Kinetics of Hexagonal Cylinders to Face-centered Cubic Spheres Transition of Triblock Copolymer in Selective Solvent: Brownian Dynamics Simulation

TL;DR

This study uses Brownian Dynamics simulations to investigate the transformation kinetics of triblock copolymers from hexagonal cylinders to face-centered cubic spheres, revealing a nucleation and growth process with rippling mechanisms.

Contribution

It provides detailed simulation insights into the order-order transition mechanism of triblock copolymers under temperature or potential changes, highlighting a nucleation and growth process.

Findings

Transformation occurs via rippling mechanism.

Order-order transition is a nucleation and growth process.

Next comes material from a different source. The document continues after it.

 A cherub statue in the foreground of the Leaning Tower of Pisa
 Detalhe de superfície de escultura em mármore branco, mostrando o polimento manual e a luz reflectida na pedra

Peak intensities follow an Avrami equation.

Abstract

The kinetics of the transformation from the hexagonal packed cylinder (HEX) phase to the face-centered-cubic (FCC) phase was simulated using Brownian Dynamics for an ABA triblock copolymer in a selective solvent for the A block. The kinetics was obtained by instantaneously changing either the temperature of the system or the well-depth of the Lennard-Jones potential. Detailed analysis showed that the transformation occurred via a rippling mechanism. The simulation results indicated that the order-order transformation (OOT) was a nucleation and growth process when the temperature of the system instantly jumped from 0.8 to 0.5. The time evolution of the structure factor obtained by Fourier Transformation showed that the peak intensities of the HEX and FCC phases could be fit well by an Avrami equation.